* **WHAT THE TASK REQUIRES**: Please set down exactly the lines from the one containing "Four men are" through the last line of the records below, both included, with no pictures.

-.-.-

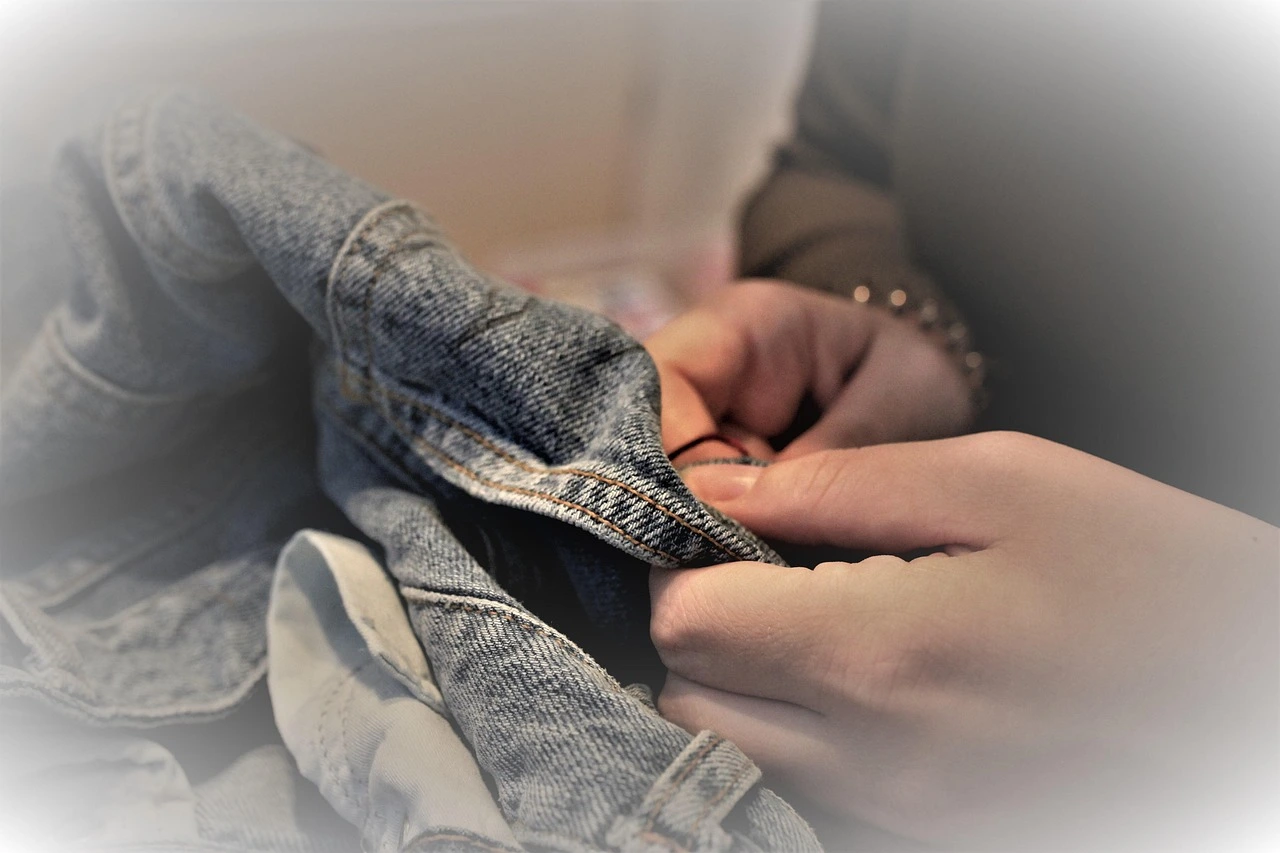 Das Foto zeigt eine Jeansjacke. Sie wird gerade von Hand geflickt.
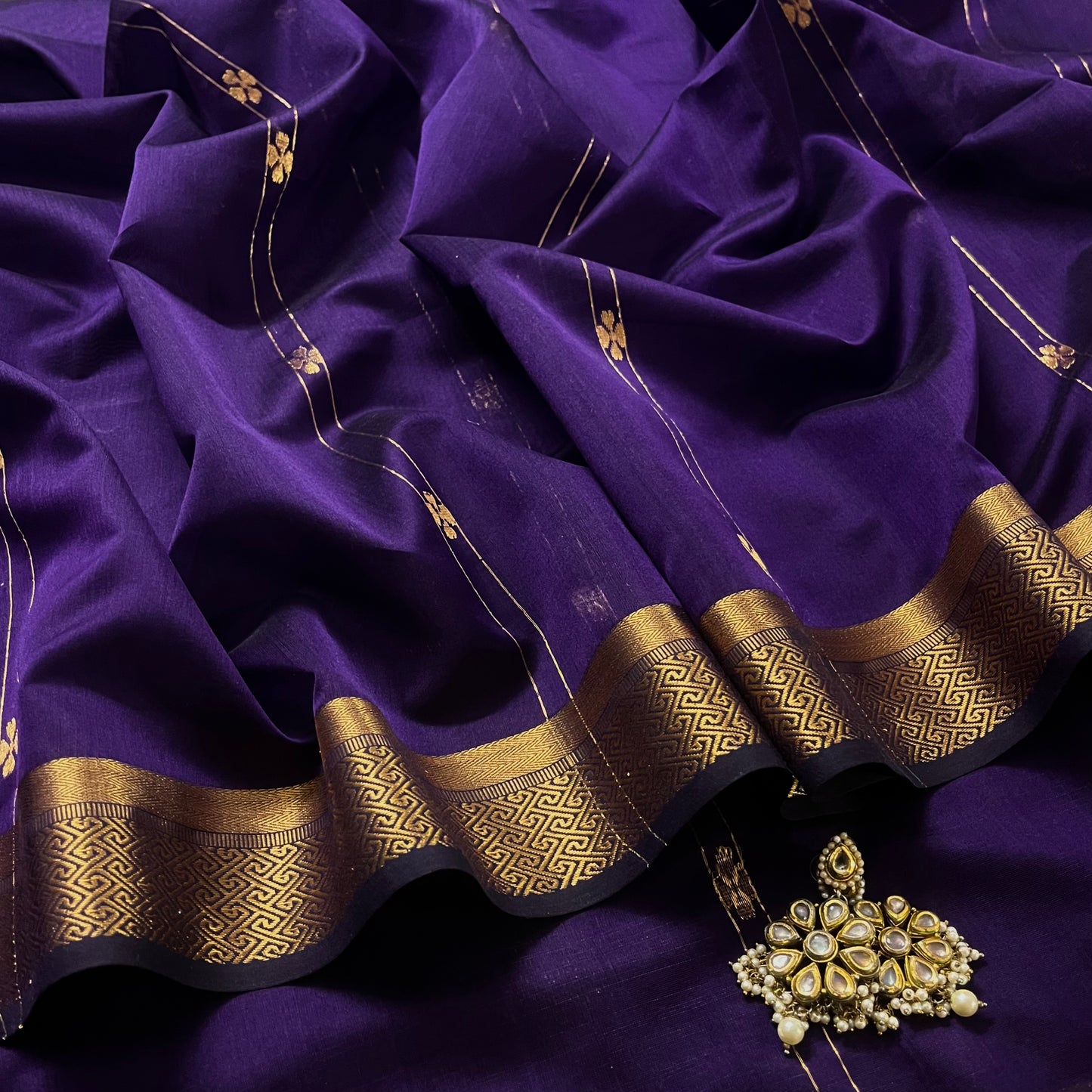 Dark purple Maheshwari saree with dori flower bootis all over
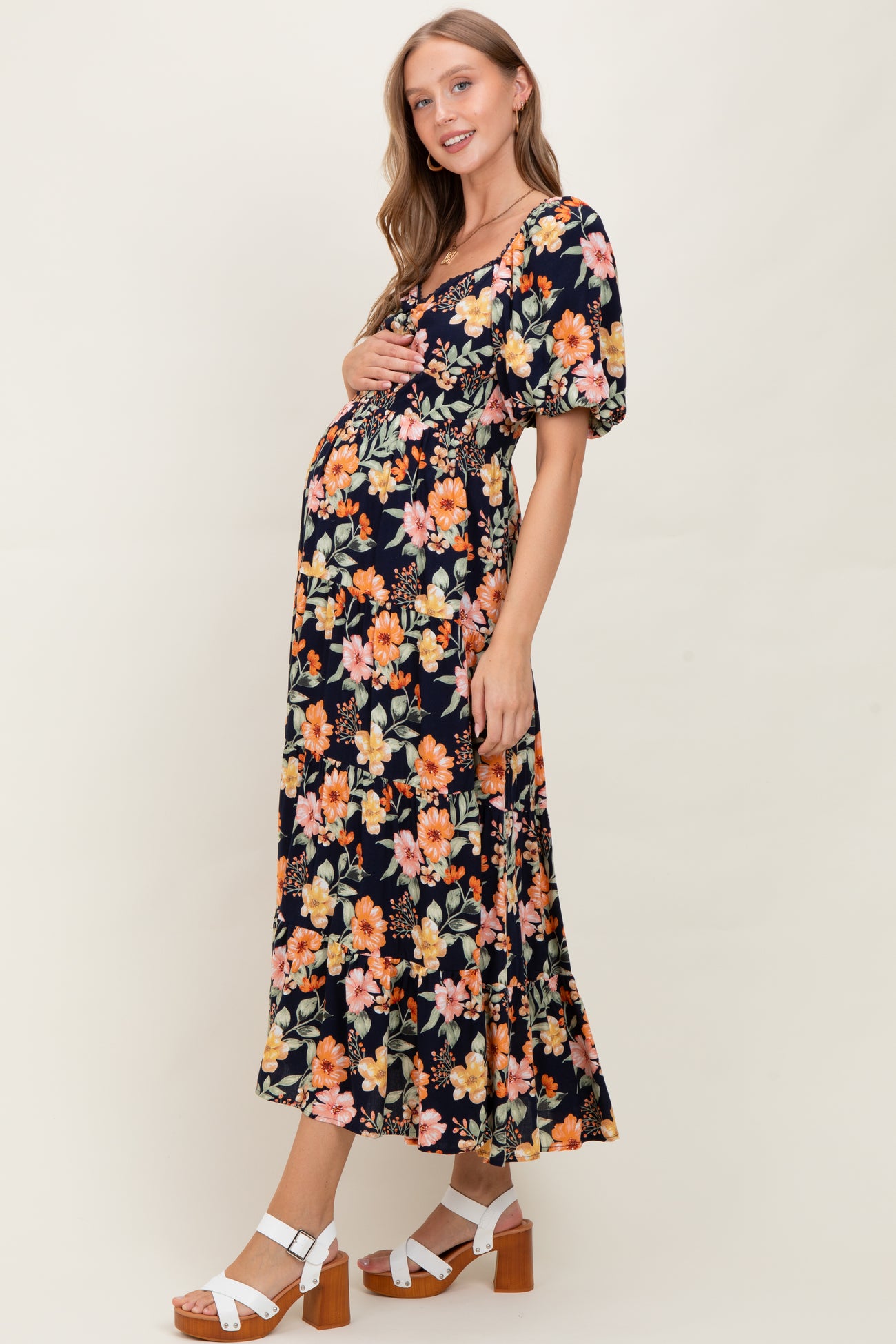 woman wearing a black floral maternity dress with puff sleeves and holding her baby bump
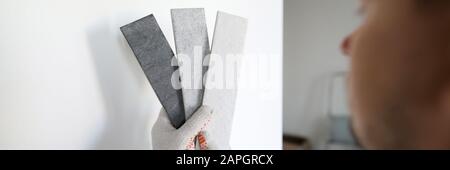 Männliche Builder in Weiß Schutzhandschuhe halten Grau Stockfoto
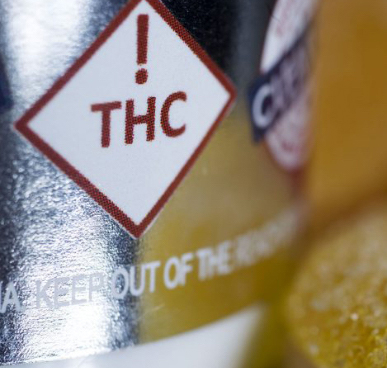 A bottle with a THC warning symbol.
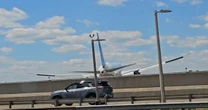 Driver on N.J. Turnpike hurt as United plane hits pole on approach to Newark airport
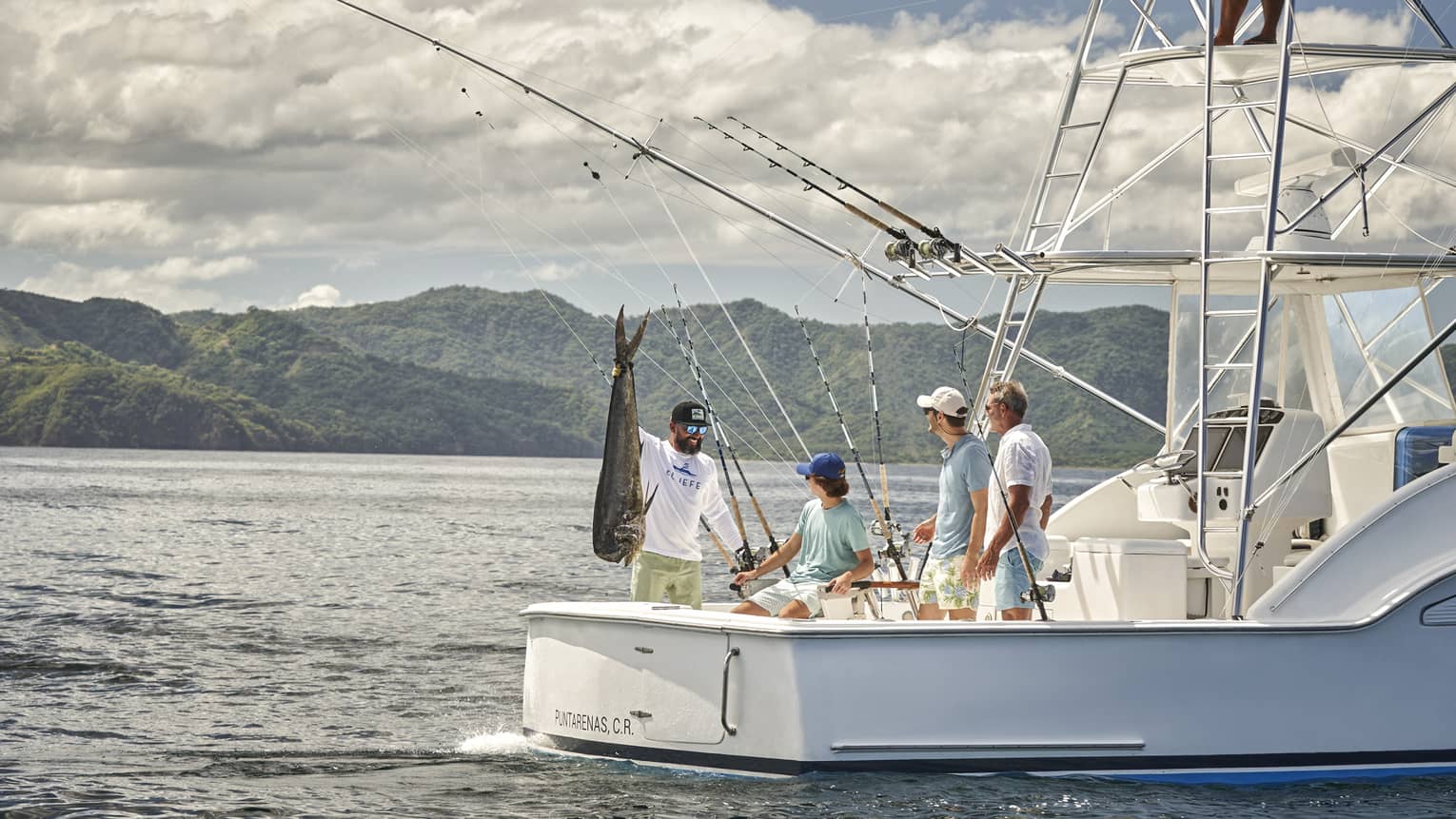 Four men are gathered on the back of a fishing boat with one of them holding a large fish up by the tail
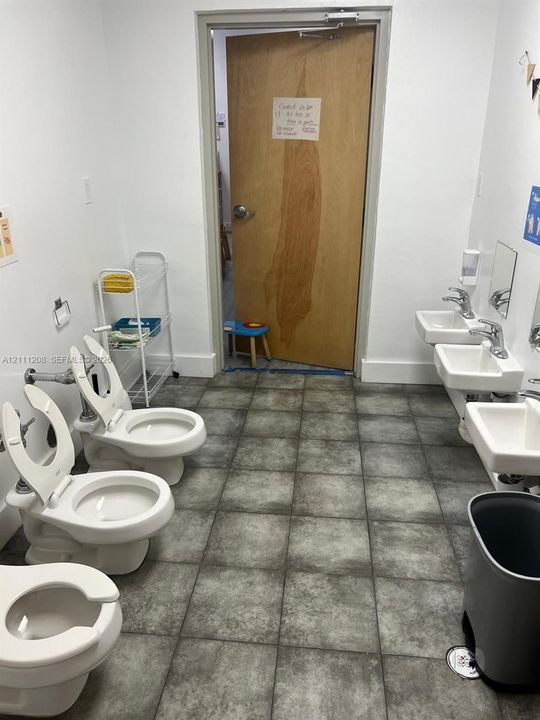 Restroom featuring three wall-mounted toilets, three wall-mounted sinks with chrome faucets, and stone-finish floor tiling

-.-.-

* **RESULT OF THIS TASK**:
 Four men are gathered on the back of a fishing boat with one of them holding a large fish up by the tail
 Restroom featuring three wall-mounted toilets, three wall-mounted sinks with chrome faucets, and stone-finish floor tiling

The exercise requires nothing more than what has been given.